C’è chi si sente portato ad aiutare gli altri: e non è detto che debba farlo partendo per lontani continenti e sprofondandosi in qualche villaggio nella foresta tropicale; può darsi benissimo che le persone da aiutare siano lì, nella sua stessa regione o nella sua stessa città, magari perfino nella sua stessa famiglia.
Tutto lo si può fare bene, se non si ha paura di rimboccarsi le maniche e di spremere un po’ di sudore; una sola, però, è la cosa per la quale noi siamo stati chiamati da sempre, forse da prima ancora che nascessimo e che venissimo concepiti nel ventre di nostra mamma: e, se riusciamo a individuarla, allora nessuno saprà mai farla meglio di come la faremo noi.
Precisiamo subito che il concetto di «farla meglio» non va inteso assolutamente in senso puramente tecnico: non si tratta di eccellere come in una prestazione di tipo sportivo.

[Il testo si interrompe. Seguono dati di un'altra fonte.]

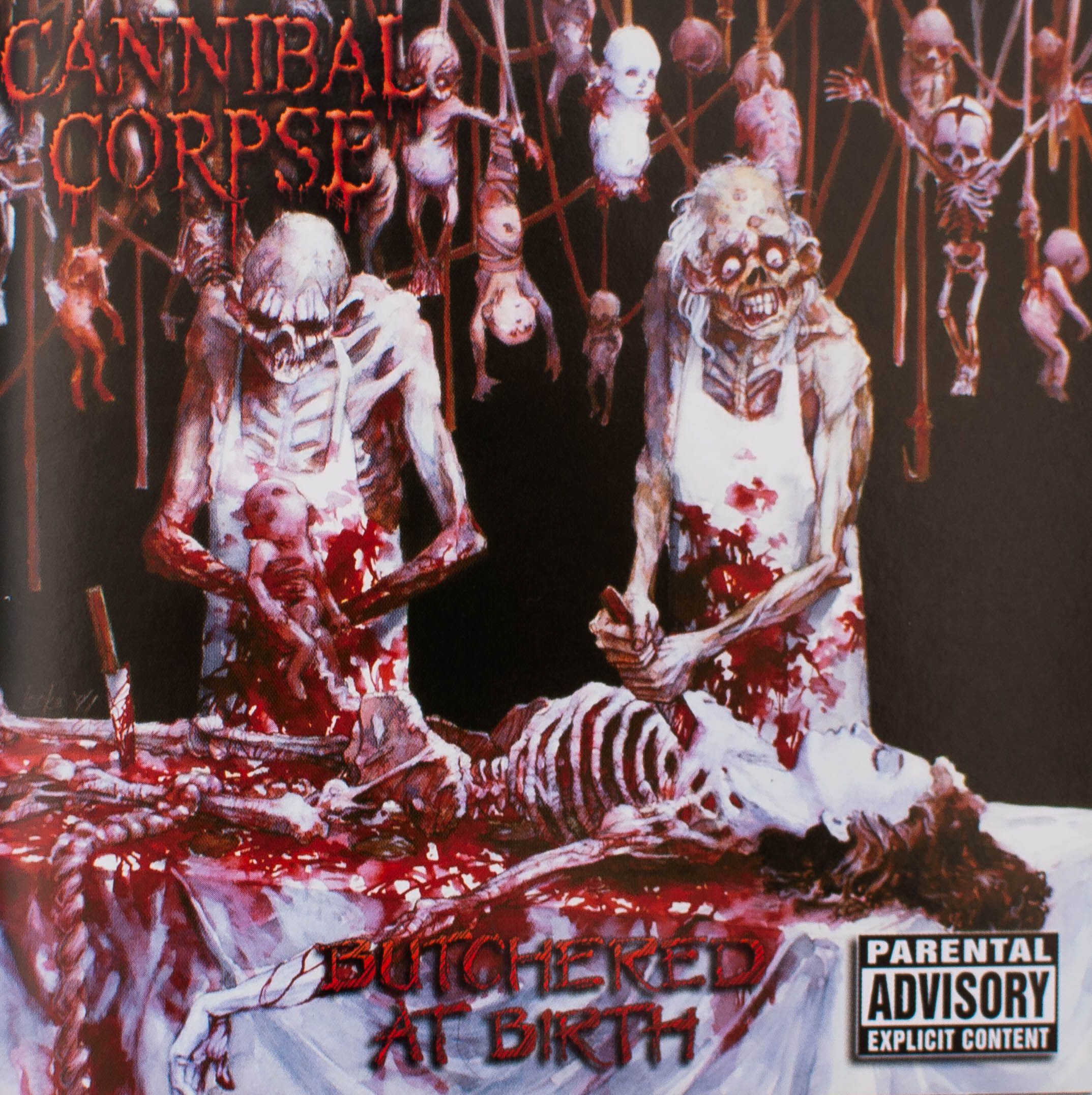 CANNIBAL CORPSE - Butchered At Birth Аудио CD Лицензия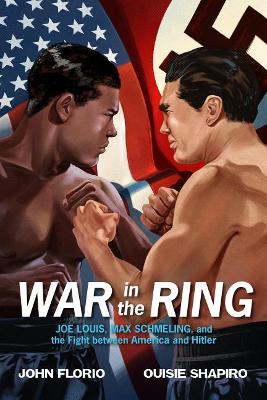 War in the Ring: Joe Louis, Max Schmeling, and the Fight Between America and Hitler by John Florio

Lo sportivo deve comprendere la propria vocazione per poter eccellere nella disciplina che avrà scelto: il lancio del peso o quello del giavellotto, il pattinaggio o il ciclismo, il nuoto o la pallavolo; e, all’interno di ognuna di esse, nella ulteriore sotto-specialità: nel nuoto, ad esempio, i duecento metri stile libero, oppure i quattrocento metri; e così via.
Ma l’uomo, l’uomo completo, quello no: egli non è un insieme di muscoli e di riflessi, non è un bagaglio vivente di nozioni tecniche e di abilità pratica; è qualcosa di infinitamente più complesso, più prezioso, più raro.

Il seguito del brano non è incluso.